• WHAT IS EXPECTED
Take the lines below beginning at the line that has "From Norwich, England." and stopping after the line that has "This is mainly", and print them exactly as they are, with no other lines.

• SOURCE MATERIAL
....
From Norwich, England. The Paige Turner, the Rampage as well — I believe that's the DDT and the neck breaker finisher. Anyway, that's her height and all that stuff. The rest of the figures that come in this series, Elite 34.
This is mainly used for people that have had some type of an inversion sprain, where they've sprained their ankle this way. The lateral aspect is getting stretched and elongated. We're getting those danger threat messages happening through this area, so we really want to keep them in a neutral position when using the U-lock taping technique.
....
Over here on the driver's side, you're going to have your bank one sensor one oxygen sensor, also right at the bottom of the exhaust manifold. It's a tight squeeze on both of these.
....
• RESULT
From Norwich, England. The Paige Turner, the Rampage as well — I believe that's the DDT and the neck breaker finisher. Anyway, that's her height and all that stuff. The rest of the figures that come in this series, Elite 34.
This is mainly used for people that have had some type of an inversion sprain, where they've sprained their ankle this way. The lateral aspect is getting stretched and elongated. We're getting those danger threat messages happening through this area, so we really want to keep them in a neutral position when using the U-lock taping technique.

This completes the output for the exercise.